Scientists already know how to create coupling between qubits, and they’ve even successfully used coupling for QKD.
China, a longtime investor in quantum networks, has broken records for entanglement caused by satellites. Chinese scientists recently established entanglement and reached QKD at a record 745 miles.
However, the next step is scaling the infrastructure. All experiments so far were linked only to the two endpoints. Now that point-to-point communication has been achieved, scientists are working to create a network where multiple senders and multiple recipients can exchange data over the quantum Internet on a global scale.
Basically, the idea is to find the best ways to produce on-demand lots of entangled qubits over large distances and between lots of different points at the same time. This is much easier said than done: for example, to maintain communication between a device in China and a device in the US, you will probably need an intermediate node on top of the new routing protocols.
And countries choose different technologies when it comes to establishing entanglement in the first place. While China is opting for satellite technology, fiber is the method favored by the U.S. Department of Energy, which is now trying to build a network of quantum repeaters that can increase the distance separating entangled qubits.
In the US, particles remain entangled through an optical fiber on a 52-mile “quantum loop” in the suburbs of Chicago, without the need for quantum repeaters. The network will soon be connected to one of the Department of Energy’s laboratories to create an 80-mile quantum test bed.

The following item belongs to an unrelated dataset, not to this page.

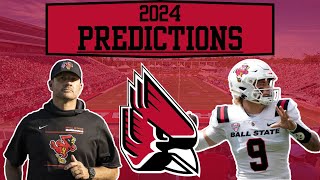 2024 Ball State Football Predictions [upl. by Lyrad]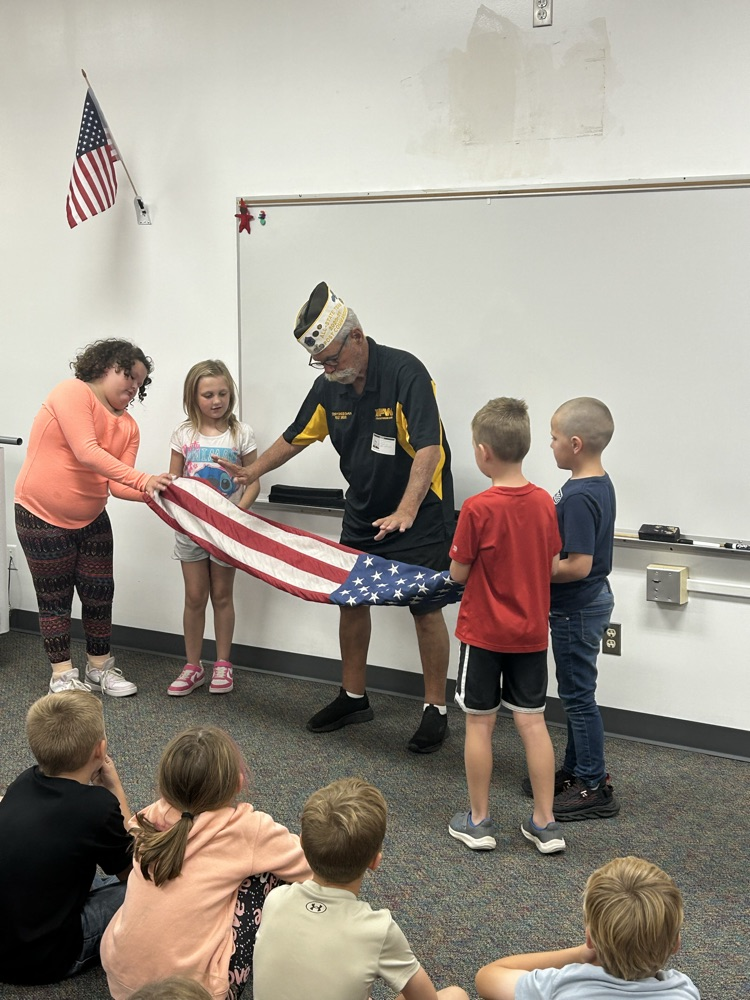 American flag presentation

In the EU, the Quantum Internet Alliance was formed in 2018 to develop a quantum Internet strategy, which last year demonstrated entanglement at a distance of more than 31 miles.
For quantum researchers, the goal is to first scale networks to the national level, and one day even to the international level. the vast majority of scientists agree that this is unlikely to happen before a couple of decades. the quantum internet is without a doubt a very long-term project, and many technical obstacles still remain in its path. but the unexpected results that the technology will inevitably bring will be an invaluable scientific journey with many outlandish quantum applications that at the moment are even impossible to predict.